▶ **Exercise details**
Reproduce the listing exactly. Omit pictures.

▶ **Provided material**
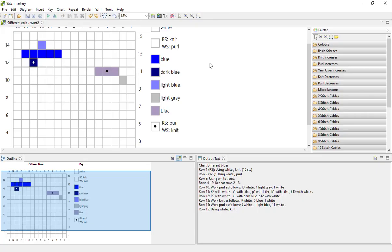Today we're going to have a look at using the dragging options in Stitchmastery. You can either drag stitches to move them, or you can copy and drag to copy the stitches into a new part of your chart.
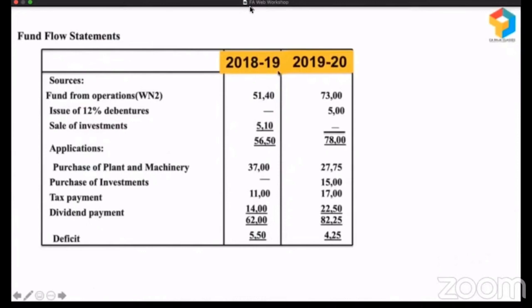In 2018-19, they had long-term sources from operations and by selling investments of 5,650. And these are all their long-term uses: they purchased plant and machinery, they paid taxes, they paid dividend. So 5,650 was the source, 6,200 was the use, and there was a deficit of 550. Let's analyze this.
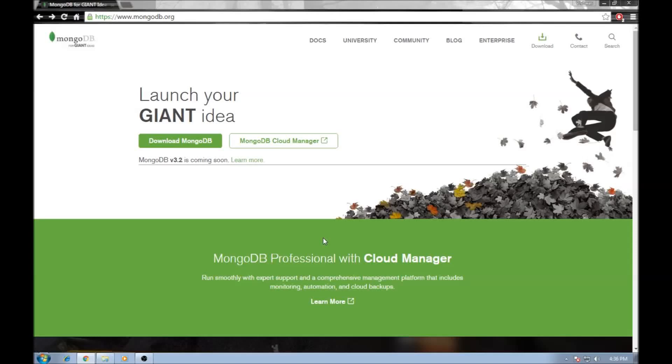Hello everyone, my name is Vishwas and welcome to a beginner's tutorial series on MongoDB. In this video we are going to install MongoDB for Windows.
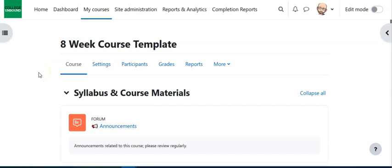In this video we're going to take a look at the plugin called Grade Me. It's a great tool within Moodle. What it does is it lets you know what items in your course haven't been graded yet.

▶ **Exercise result**
Today we're going to have a look at using the dragging options in Stitchmastery. You can either drag stitches to move them, or you can copy and drag to copy the stitches into a new part of your chart.
In 2018-19, they had long-term sources from operations and by selling investments of 5,650. And these are all their long-term uses: they purchased plant and machinery, they paid taxes, they paid dividend. So 5,650 was the source, 6,200 was the use, and there was a deficit of 550. Let's analyze this.
Hello everyone, my name is Vishwas and welcome to a beginner's tutorial series on MongoDB. In this video we are going to install MongoDB for Windows.
In this video we're going to take a look at the plugin called Grade Me. It's a great tool within Moodle. What it does is it lets you know what items in your course haven't been graded yet.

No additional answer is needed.